People like their names spelt and pronounced correctly.  In an introduction, if you are not sure, ask for it again.  Do not pretend you have heard it – you may have to introduce him later.   Introduce the senior to the junior, regardless of the gender.  ‘Ladies first’ does not apply in business introductions.  The junior should stand when introduced by a senior to another person.


Greetings like “How do you do” should be returned with “How do you do?”.  If greeted with a “How are you today?”, then you may return with “I’m am fine, thank you!”


When presenting someone to a group, introduce the newcomer to the group, starting with the most senior, e.g. “John, this is Mr Edward Lim, the HR Director” and then go on to the next person.


Your card is an important visual reminder of your meeting, so never be out of it.  When presented, the card should face the other person in the manner that he can read. Take a moment to read the details on the card.  It is an offence to scribble on anyone’s calling card.  Always present your card with two hands.  If you regard the other person as more important, you should always receive his card before presenting yours.


If you are late for your appointments, always apologise.  Any explanation on your part will seem like an excuse.  If you are late for a meeting, apologise for being late and quickly settle down.

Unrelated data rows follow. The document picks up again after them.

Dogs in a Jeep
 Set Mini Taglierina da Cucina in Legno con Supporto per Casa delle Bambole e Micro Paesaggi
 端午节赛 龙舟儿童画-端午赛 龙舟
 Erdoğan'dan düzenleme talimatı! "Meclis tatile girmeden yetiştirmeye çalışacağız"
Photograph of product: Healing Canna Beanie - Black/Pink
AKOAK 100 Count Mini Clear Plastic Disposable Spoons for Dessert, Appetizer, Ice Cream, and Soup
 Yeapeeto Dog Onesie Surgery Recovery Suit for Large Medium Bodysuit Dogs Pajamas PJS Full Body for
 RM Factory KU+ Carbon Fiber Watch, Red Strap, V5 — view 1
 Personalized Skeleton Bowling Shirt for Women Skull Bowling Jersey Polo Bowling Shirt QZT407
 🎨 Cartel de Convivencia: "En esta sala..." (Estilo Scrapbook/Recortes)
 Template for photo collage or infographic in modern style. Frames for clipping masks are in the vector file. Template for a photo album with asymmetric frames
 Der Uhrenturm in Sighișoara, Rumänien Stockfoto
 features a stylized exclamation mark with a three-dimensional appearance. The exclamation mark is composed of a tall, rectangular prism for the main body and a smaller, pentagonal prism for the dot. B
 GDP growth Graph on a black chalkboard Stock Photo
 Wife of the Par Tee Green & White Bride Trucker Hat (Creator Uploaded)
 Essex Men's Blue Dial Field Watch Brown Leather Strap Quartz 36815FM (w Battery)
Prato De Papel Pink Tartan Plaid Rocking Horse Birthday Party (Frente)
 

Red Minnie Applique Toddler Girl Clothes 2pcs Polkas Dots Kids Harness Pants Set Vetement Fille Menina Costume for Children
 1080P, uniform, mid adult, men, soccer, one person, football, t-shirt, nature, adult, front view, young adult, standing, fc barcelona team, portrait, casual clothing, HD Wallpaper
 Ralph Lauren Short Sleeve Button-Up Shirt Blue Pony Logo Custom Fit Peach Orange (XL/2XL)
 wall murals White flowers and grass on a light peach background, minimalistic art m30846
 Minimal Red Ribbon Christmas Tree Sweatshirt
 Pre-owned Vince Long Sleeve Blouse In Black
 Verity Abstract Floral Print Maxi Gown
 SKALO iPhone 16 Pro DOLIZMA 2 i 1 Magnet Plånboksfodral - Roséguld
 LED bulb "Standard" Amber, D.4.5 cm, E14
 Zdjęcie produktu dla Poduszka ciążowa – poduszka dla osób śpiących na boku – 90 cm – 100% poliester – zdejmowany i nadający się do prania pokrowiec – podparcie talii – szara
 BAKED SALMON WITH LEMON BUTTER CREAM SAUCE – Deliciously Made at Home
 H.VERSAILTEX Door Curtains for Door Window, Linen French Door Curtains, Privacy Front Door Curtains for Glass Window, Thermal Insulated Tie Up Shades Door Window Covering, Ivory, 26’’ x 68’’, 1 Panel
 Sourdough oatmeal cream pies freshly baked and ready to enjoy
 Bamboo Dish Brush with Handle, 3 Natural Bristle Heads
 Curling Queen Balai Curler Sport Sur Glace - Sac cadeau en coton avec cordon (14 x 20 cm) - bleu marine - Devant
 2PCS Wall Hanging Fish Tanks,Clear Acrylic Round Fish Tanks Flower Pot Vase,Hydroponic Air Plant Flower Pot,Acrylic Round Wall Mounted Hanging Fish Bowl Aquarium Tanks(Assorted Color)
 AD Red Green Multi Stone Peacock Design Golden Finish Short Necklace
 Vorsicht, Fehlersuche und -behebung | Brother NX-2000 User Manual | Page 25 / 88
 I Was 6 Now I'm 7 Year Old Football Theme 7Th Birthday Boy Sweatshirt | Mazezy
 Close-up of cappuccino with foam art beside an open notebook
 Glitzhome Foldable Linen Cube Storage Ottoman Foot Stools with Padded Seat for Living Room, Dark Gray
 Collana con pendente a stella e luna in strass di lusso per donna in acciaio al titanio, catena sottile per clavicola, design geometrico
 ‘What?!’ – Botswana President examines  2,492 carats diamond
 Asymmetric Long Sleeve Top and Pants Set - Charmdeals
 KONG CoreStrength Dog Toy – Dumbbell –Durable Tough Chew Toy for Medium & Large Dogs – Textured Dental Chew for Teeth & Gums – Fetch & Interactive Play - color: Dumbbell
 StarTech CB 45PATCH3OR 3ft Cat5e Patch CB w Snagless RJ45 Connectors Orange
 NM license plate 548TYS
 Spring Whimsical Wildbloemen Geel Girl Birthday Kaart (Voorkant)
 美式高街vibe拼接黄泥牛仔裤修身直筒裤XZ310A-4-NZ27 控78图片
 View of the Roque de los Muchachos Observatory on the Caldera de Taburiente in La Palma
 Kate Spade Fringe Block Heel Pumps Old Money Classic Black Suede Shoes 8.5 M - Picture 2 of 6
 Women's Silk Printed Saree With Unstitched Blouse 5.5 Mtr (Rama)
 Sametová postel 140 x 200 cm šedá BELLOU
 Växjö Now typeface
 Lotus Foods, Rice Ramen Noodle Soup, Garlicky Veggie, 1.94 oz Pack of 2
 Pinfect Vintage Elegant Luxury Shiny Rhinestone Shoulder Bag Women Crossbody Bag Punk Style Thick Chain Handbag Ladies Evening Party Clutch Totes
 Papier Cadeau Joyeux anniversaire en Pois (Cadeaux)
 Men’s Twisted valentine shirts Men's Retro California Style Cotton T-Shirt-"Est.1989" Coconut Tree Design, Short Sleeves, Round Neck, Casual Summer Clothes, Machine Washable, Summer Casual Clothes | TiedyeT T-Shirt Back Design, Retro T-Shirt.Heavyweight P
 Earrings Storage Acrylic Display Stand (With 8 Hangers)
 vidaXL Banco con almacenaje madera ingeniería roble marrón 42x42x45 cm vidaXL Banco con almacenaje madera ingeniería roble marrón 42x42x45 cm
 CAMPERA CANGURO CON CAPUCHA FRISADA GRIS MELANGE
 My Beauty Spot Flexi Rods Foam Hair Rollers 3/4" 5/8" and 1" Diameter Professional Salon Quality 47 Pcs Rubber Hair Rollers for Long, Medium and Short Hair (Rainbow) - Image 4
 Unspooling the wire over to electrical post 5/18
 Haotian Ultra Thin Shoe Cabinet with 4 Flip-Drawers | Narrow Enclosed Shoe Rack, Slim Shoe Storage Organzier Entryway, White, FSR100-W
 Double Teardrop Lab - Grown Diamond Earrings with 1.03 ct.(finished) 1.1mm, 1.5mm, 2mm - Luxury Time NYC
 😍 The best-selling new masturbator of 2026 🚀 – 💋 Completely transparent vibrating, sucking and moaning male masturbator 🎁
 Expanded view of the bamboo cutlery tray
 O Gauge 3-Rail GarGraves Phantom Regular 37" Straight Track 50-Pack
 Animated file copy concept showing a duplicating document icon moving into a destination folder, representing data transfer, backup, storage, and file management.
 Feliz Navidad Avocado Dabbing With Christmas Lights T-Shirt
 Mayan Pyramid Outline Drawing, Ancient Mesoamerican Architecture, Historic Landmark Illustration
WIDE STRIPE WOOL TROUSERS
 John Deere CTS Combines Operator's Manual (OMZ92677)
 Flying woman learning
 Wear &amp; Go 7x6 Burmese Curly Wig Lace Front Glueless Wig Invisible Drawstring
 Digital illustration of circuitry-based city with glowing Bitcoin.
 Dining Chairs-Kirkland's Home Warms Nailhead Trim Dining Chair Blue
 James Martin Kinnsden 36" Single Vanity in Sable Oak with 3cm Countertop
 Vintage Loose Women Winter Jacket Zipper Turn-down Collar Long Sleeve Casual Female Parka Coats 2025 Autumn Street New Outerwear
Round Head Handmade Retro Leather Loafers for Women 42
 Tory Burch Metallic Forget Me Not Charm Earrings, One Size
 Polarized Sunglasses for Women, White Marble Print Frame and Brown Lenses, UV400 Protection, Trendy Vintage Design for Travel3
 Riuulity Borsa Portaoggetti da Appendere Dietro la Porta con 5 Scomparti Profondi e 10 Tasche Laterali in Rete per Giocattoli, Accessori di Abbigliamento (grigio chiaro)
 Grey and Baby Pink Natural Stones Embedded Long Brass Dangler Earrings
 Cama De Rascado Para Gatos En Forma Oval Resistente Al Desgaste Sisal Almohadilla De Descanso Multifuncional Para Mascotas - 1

If you have to leave early, always let the chairperson know before the start of the meeting so that he is prepared.  When leaving, motion to the chairperson, gather your things quietly, whisper ‘excuse me’ to the person or persons seating next to you and leave.


  • Use an appropriate subject title.
  • Don’t reply to an email message when angry. You may regret it later.  Be polite as terseness can be misinterpreted.
  • Do not use emoticons or smileys such as 🙂 or 🙁 to indicate facial expressions. Use humour sparingly and keep your messages professional.
  • Don’t type big chunks of words in CAPITAL, BOLD PRINT OR IN RED as this is tantamount to SHOUTI
  • Don’t over-use punctuation such as exclamation marks (“!”) as these are meant for emphasis. In particular, avoid more than one exclamation mark especially if your email is more business. Also, over-use of the full-stop (e.g. “….”) can make a message difficult to read.
  • Don’t send large attachments without checking with the recipient first.
  • Don’t send excessive multiple postings to people who have no interest. This is “spamming”.
  • Don’t criticise other writers’ spelling. Many people have no way of running a spell check on their messages and not all nationalities spell words the same way.
  • Don’t conduct arguments in email exchanges.
  • Don’t “flame” people by sending them abusive email messages.
  • Don’t make personal remarks about third parties.
  • Don’t use an over-elaborate signature on your email message. Your signature should not be more than 6 lines.
  • Don’t sign off your emails with “Yours sincerely”. “Best regards” or “Cheers” would be more appropriate.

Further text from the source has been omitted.